# WHAT THE TASK ASKS:
This exercise asks for an exact copy of the lines from the one containing "Falda vaquera - blue denim" through the final line of the material, with pictures omitted.

BEGIN RECORDS TO PROCESS

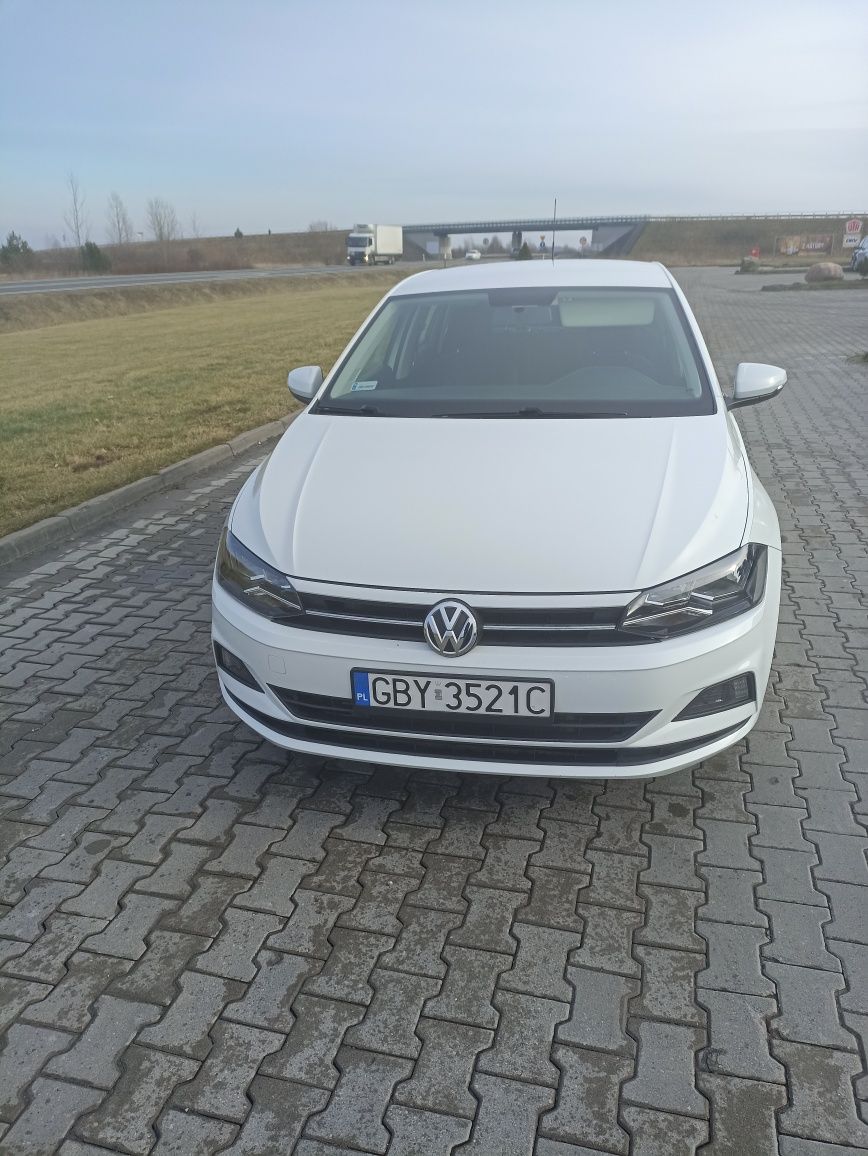 Volkswagen Polo 1.6 TDI 2019r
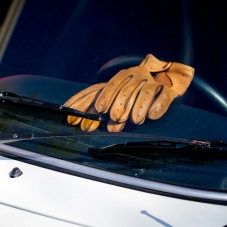 Cowhide Driver Gloves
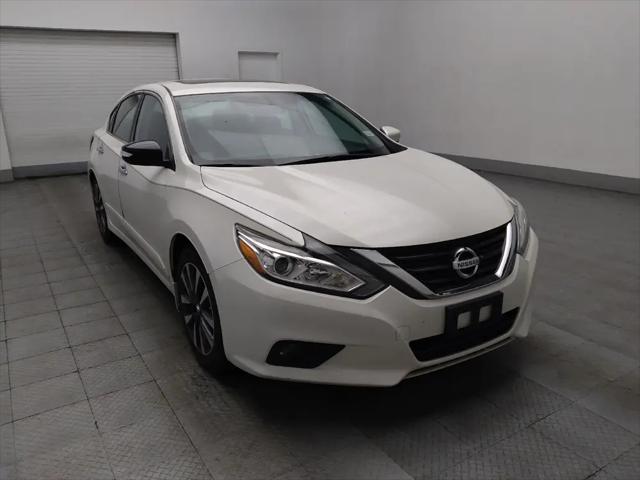 2016 Nissan Altima 2.5 SL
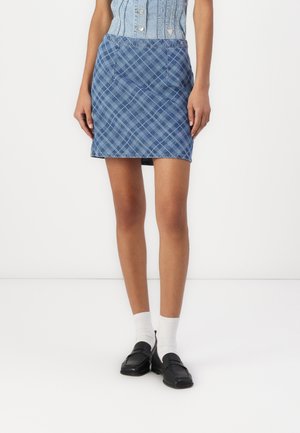 Falda vaquera - blue denim
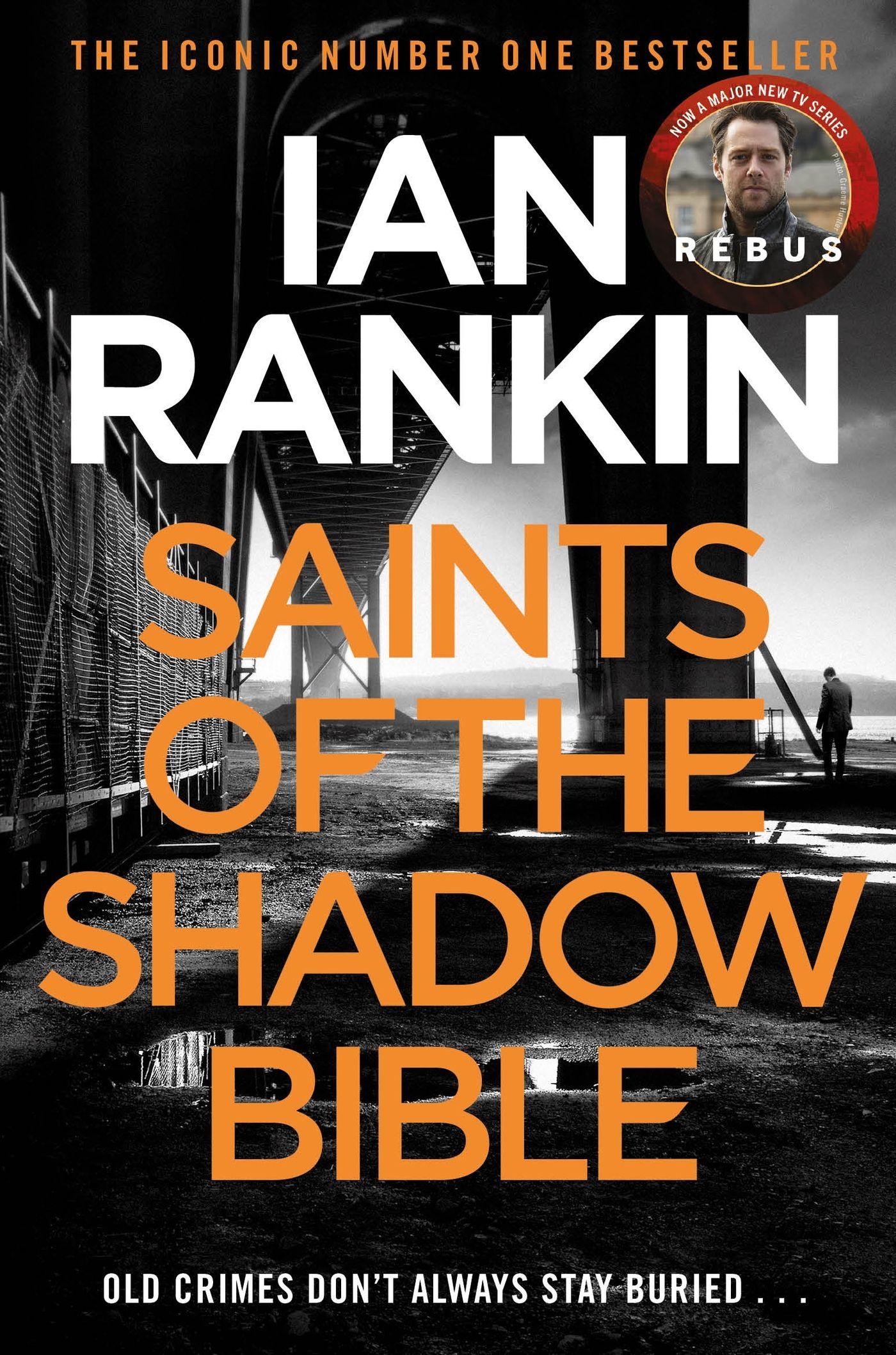 Vorderes Coverbild Saints of the Shadow Bible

END RECORDS TO PROCESS

# FINISHED TASK:
 Falda vaquera - blue denim
 Vorderes Coverbild Saints of the Shadow Bible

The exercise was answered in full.